Two healthy partners remained at 19,000 feet to assist with the injured team members while the other four members descended to get help. On June 19, as the four healthy members descended, two other members fell 2,000 feet. These two climbers landed at the 15,800-foot level. One broke his leg in the fall and the other sustained only minor injuries. The ambulatory climber descended directly toward the 14.200-foot camp.
He fell twice more and, in the process, sustained frostbite to his fingers as he made his way out of crevasses. These two expedition members were rescued by NPS ground teams and transported to the 14.200-foot camp where they were evacuated by an Army Chinook helicopter on June 21 to an Anchorage hospital.
During the period of May 28 to June 1, NPS rangers and volunteers working out of the 14.200-foot camp responded to multiple incidents, including a broken leg, a mental breakdown, and other injuries.
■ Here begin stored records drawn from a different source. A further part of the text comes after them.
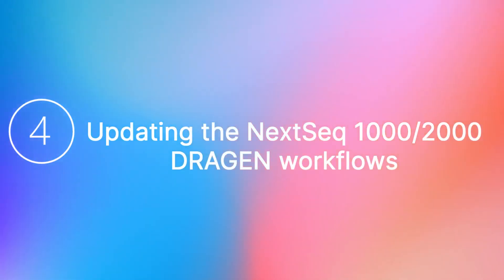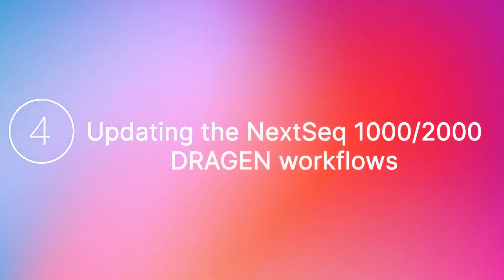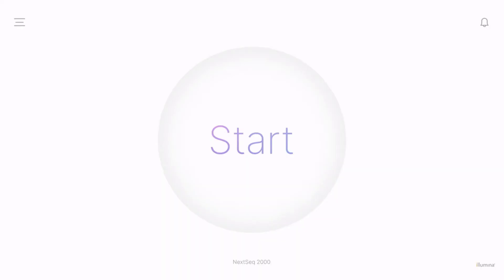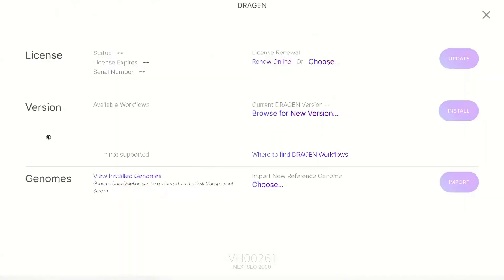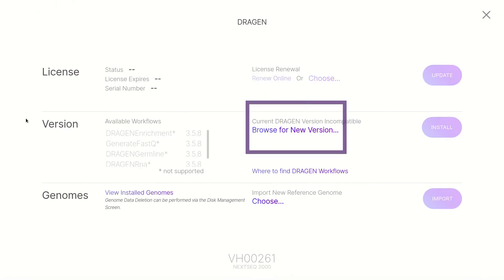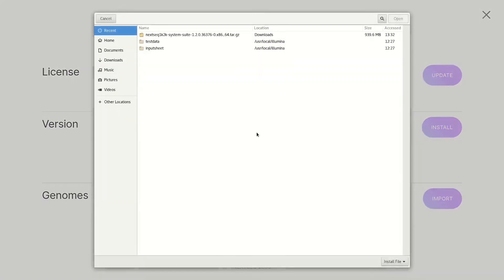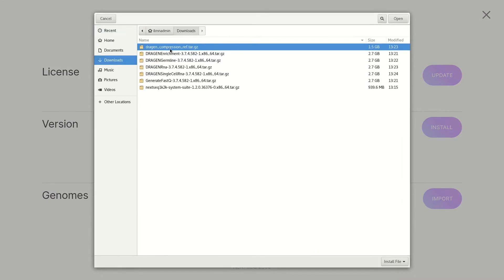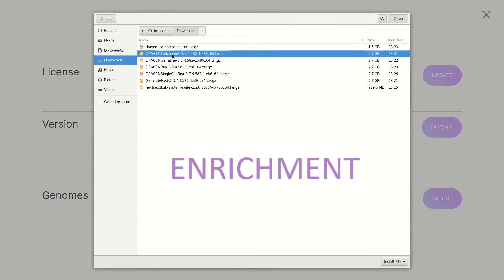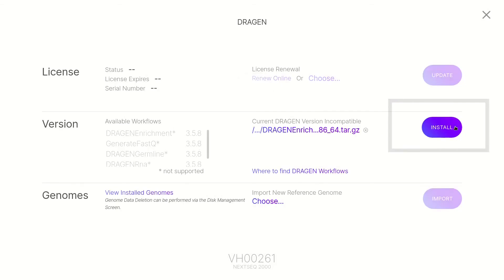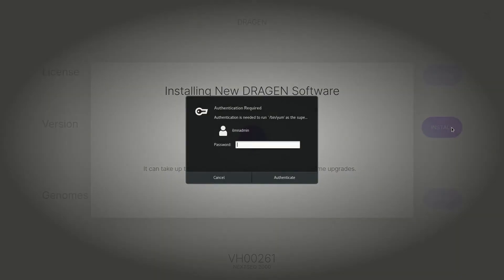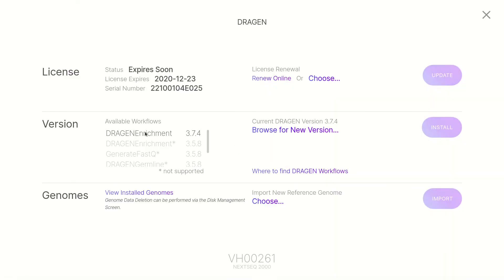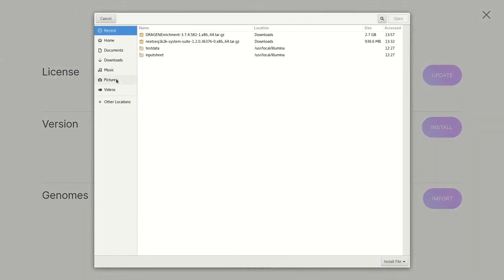Step 4: Updating the NextSeq 1000 and 2000 Sequencing Dragon workflows. From the Control Software home screen, select the menu icon in the top left corner, then select Dragon. In the Version section, select Browse for New Version. In the Browse window, navigate to the folder location with the workflow downloads and double-click the Dragon Enrichment file. Next, click Install. If an authentication required box appears, type in your Illumina Admin password and select Authenticate. Repeat the preceding steps until each downloaded workflow module is installed.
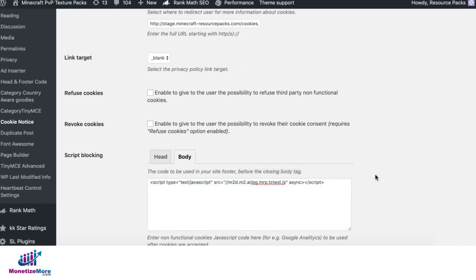Feel free to use any other plugins that you think would work best, as long as you can deploy it before the closing body tag.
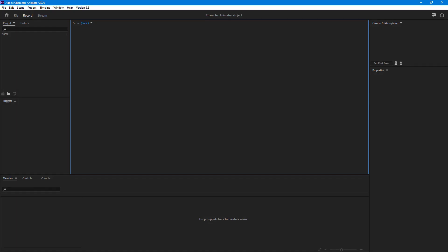Let's see how we can create, rename, and set up scene properties inside of Character Animator. In order to work with puppets, graphics, and arrange the layers, you need to work with scenes in Character Animator. To create scenes, you can go to the top where it says Scene.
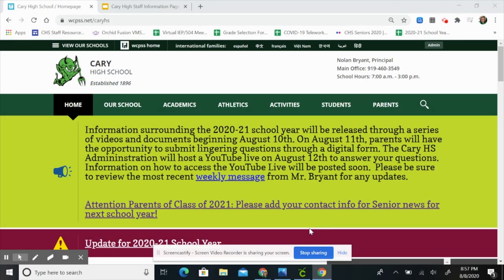Hey Cary High School! As we begin the school year online, we want to make sure you're aware of a few key components of the Cary High School website.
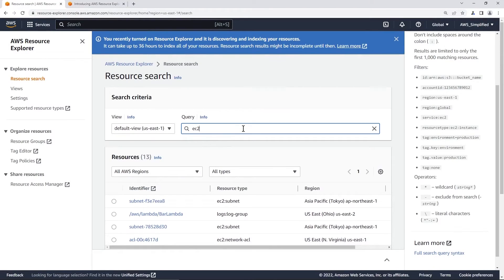You can use operators like wildcards or excludes to filter down your results even more. This makes it even easier to answer administrative questions like, what are all the EC2 instances that are in my account?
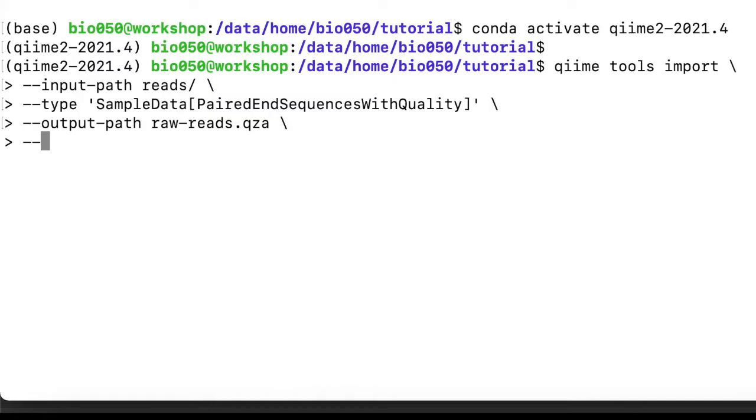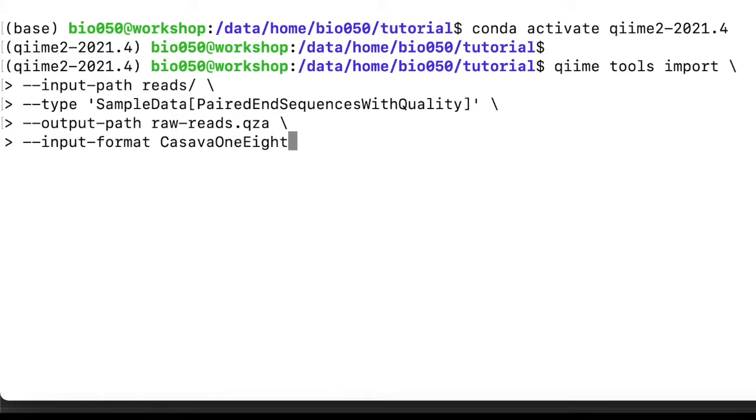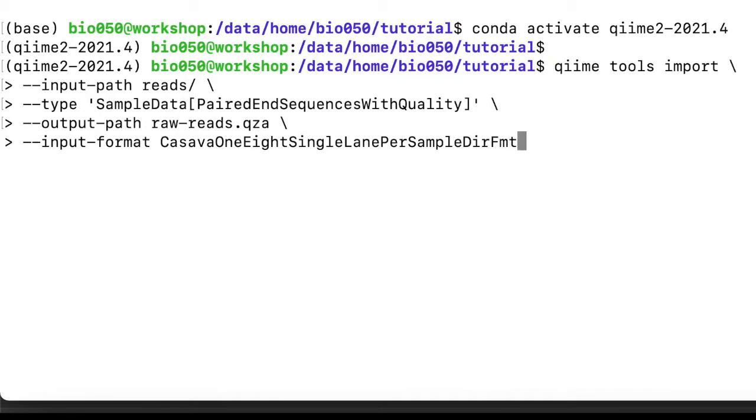And the last bit is what kind of reads are we importing, because the raw reads, as I said, they can be formatted in different ways. In this case we are exploiting the fact that they are in the default format out of the sequencer, so they have not been renamed or manipulated, and so we can let QIIME infer all the data from the read names. So input-format, it's Casava1.8SingleLanePerSampleDirFmt. Not bad, finally we hit enter to execute.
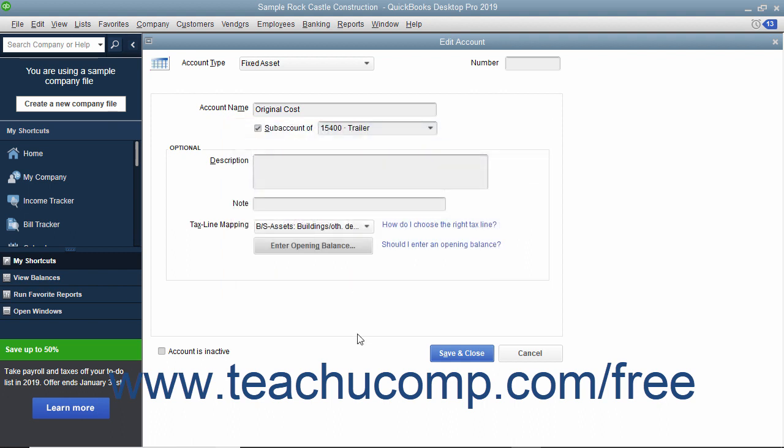For assets purchased after the start date, simply leave the opening balance field blank as the value of the asset will come from the value of the transactions you still need to enter, like a loan you received or checks you wrote to buy the fixed asset.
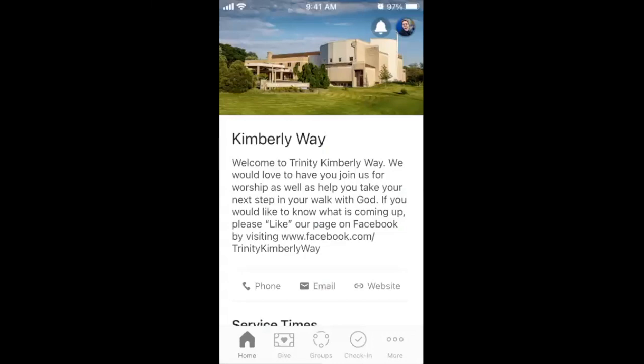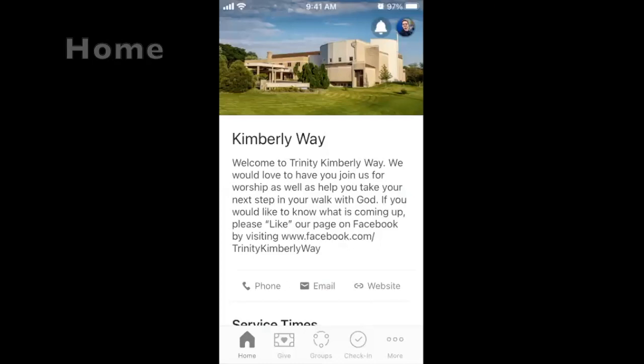The features are the same for each phone platform, regardless of where they appear on your screen. Some features of the Church Center app include a home tab with your site's worship time information, as well as phone, email, and website.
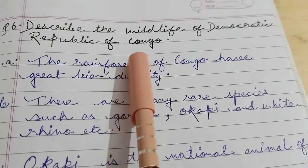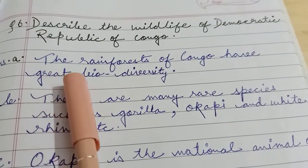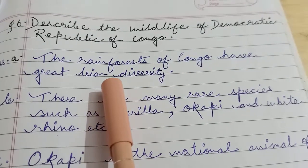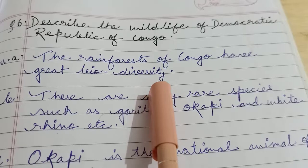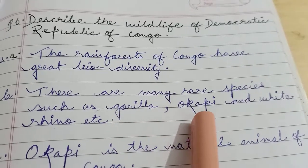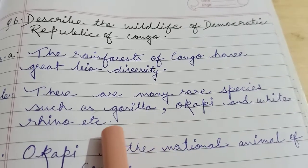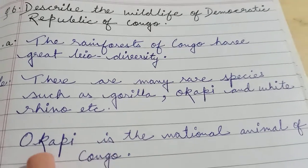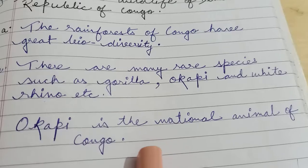Describe the wildlife of the Democratic Republic of Congo. The rainforests of Congo have great biodiversity. There are many rare species such as gorilla, okapi, and white rhino. Okapi is the national animal of Congo.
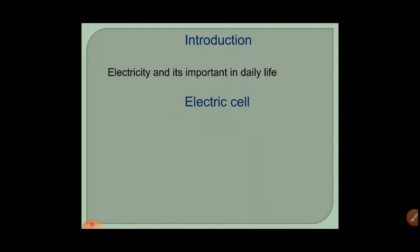To learn about electric circuits, the first thing to understand is the electric cell. You might have observed small batteries at home used in remotes or toys — that is actually called an electric cell. Normally we use the word battery, but the electric cell is the source of electricity. The chemical present inside the cell produces electricity.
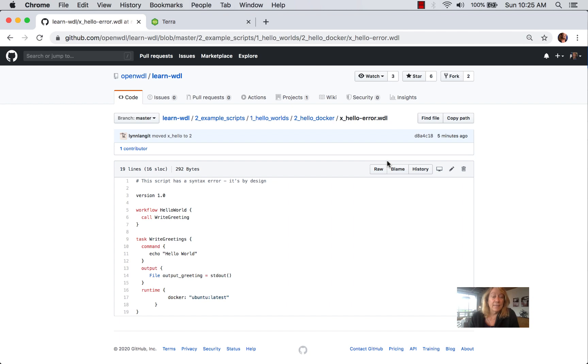Hi, I'm Lynn Langett. In this screencast, we're going to look at how to deal with errors that you might either find or inadvertently write in your WDL scripts.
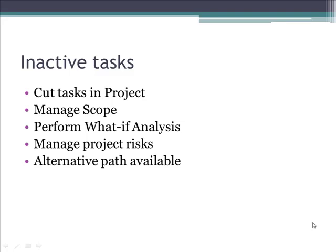Hello everyone and welcome to the demo. In this demo we will learn how to work with inactive tasks of Project 2010. This is a new feature in 2010 which essentially will cut the task in the project schedule.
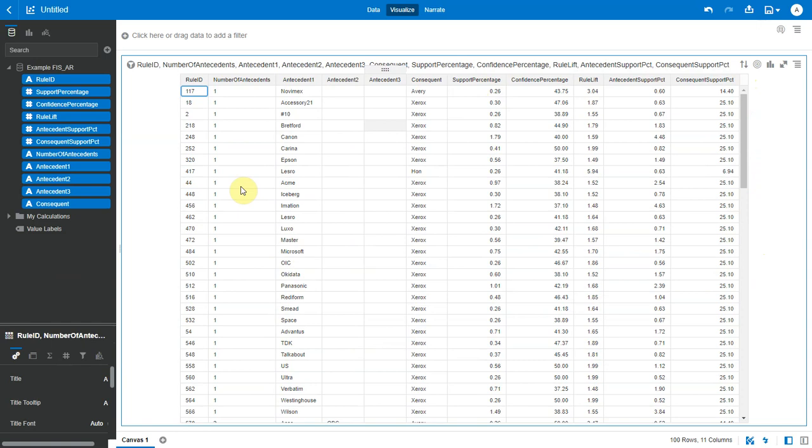Association rules are similar to if-then statements. So there are two parts in an association rule, an if-part and a then-part. Antecedent pertains to the if-part and consequent pertains to the then-part.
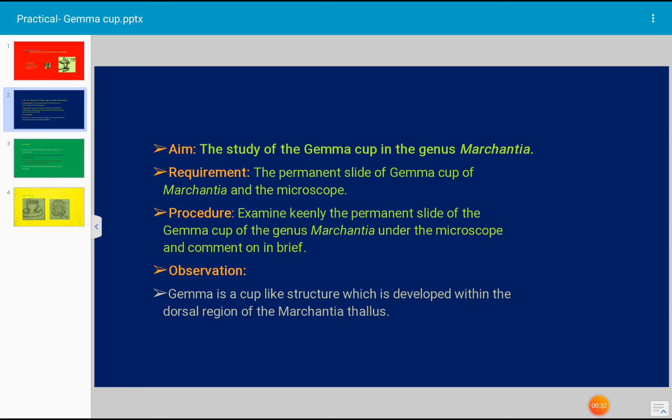In procedure, we have to examine the permanent slide under the microscope. The permanent slide of gemma cup of the genus Marchantia - we have to observe keenly under microscope and write all the details that we see.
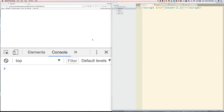In this video, we're going to build a simple app, or game, or program, or whatever you want to call it, using the things that we have learned so far. It's going to include variables, if statements, and browser functions, and more. So let's get started.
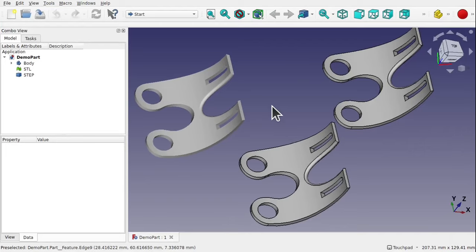Hi everyone and welcome back to the channel and another episode of Learning FreeCAD for Beginners. Today we're going to be looking at two file types — the most common in the world of CAD and 3D: STL files and STEP files. We're going to learn the difference between those two files and how to manipulate them in FreeCAD. I'm going to be using a part I've made in FreeCAD and the exported versions in both STL and STEP to demonstrate this.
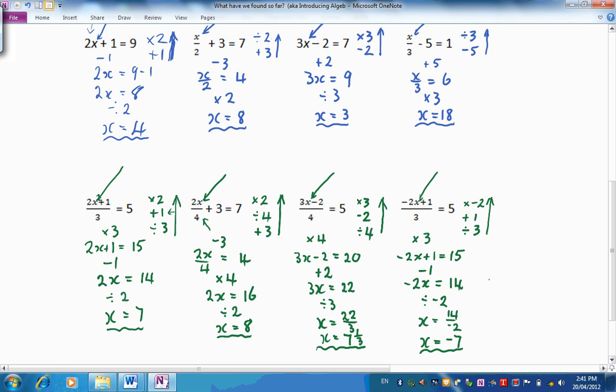How did you go? Can you see that we're gradually building up the number of operations we're doing to that mystery number? And we have to unpack all of them to find our present at the end. Let's have a look at one more set.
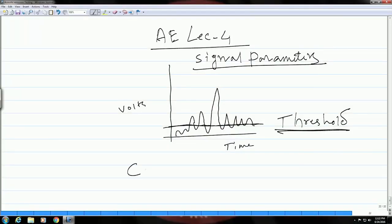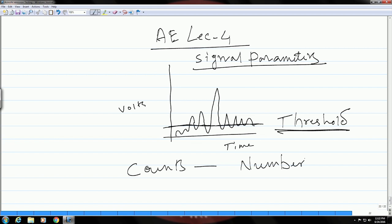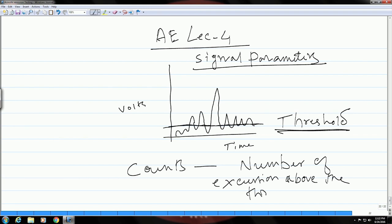The first parameter — counts — was discussed in the previous class. It is nothing but the number of crossings or excursions that you see above the threshold. These are primarily the peaks above the threshold, and the count is a parameter which will depend on certain other aspects that we have also discussed. The second parameter is known as the amplitude, or the peak amplitude — that means the maximum signal value.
Two of the more seriously injured climbers were evacuated from the 14,200-foot camp by the U.S. Army Chinook helicopters on June 1.
Soldiers from Fort Wainwright's B Company, 1st Battalion, 52nd Aviation Regiment, 16th Combat Aviation Brigade, evacuated a man from Mount McKinley July 7, after reports that he was acting mentally unstable.
Although Denali National Park has the use of a helicopter during the climbing season, the Army was asked to assist because the man was considered a potential threat to a pilot in the park's small high-altitude helicopter. The 25-year-old climber was strapped to a backboard for transport in an Army Chinook CH-47 helicopter.